Binder says that preference is now given to broad-leafed trees like oaks and carobs. However, as one could see at the planting sites on Tu Bishvat, they are still planting pines, considered the most beautiful forest trees. Pine forests and their fate have become symbolic of many of the sins of Zionism, and they are the subject of modern critical discourse. Turning them into large memorial tracts has added fuel to the fire.

In an article published in honor of the exhibition "Shaping Memory," which was displayed three years ago at the Ascola gallery in Tel Aviv, cultural expert Sigal Barnir wrote that "this forest that has today become our `natural' landscape, covers over the landscape encountered by the first Zionists when they arrived in Israel, the landscape that Ben-Gurion called the shame of the wilderness - a landscape that was foreign to them, threatening, disappointing. This feeling of foreignness was in contradiction to the feeling that this place has always belonged to the Jewish people, and still does. The afforestation activity played a central role in forming a new identity for the place, while erasing and ignoring the Palestinian landscape and texture of life. While the forests covered natural landscape and left no reminder or remainder of the villages that had been erased, they were turned into a collective Jewish memorial space."

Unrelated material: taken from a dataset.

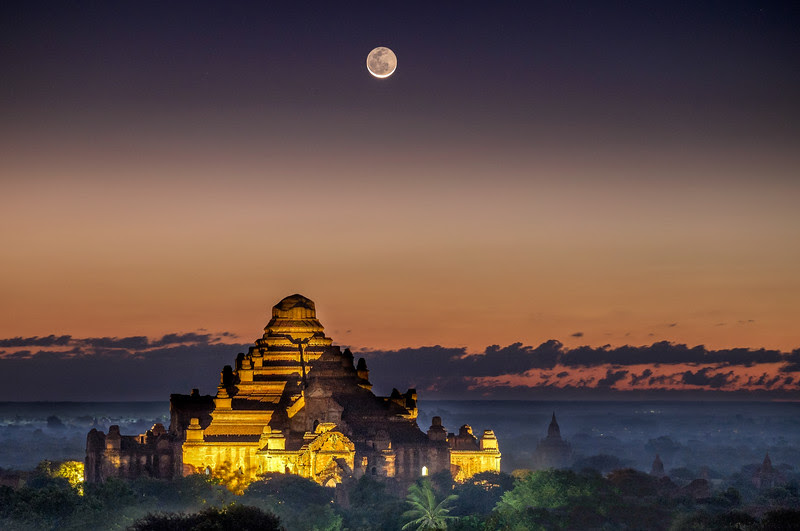 Moonrise over Dhammayan Gyi Temple, Bagan Moonrise over Dhammayan Gyi Temple, Bagan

Perpetuating memory in forests, says Barnir during a walk in the JNF forests in honor of Tu Bishvat - forests that seemed enchanted, as in a Northern European fairy tale, rising above a white cloud that floated over the hills - is a Jewish-Israeli phenomenon. It has few precedents of similar dimensions anywhere in the world - with the ironic exception of Germany after World War I. Barnir wrote her article about perpetuating memory in the JNF forests during Israel's 50th anniversary year, a year particularly fraught with memorialization. She ended it with these words: "On the personal level, the desire to be memorialized in a forest is understandable. But we have to reexamine the significance of the experience of memorializing and of death in the forest, which casts a shadow over the feeling of freedom of being out in the open spaces. When we create a public space that is sanctified and dedicated [to the dead], aren't we denying ourselves the possibility of a normal life of tranquillity in nature, of peace?"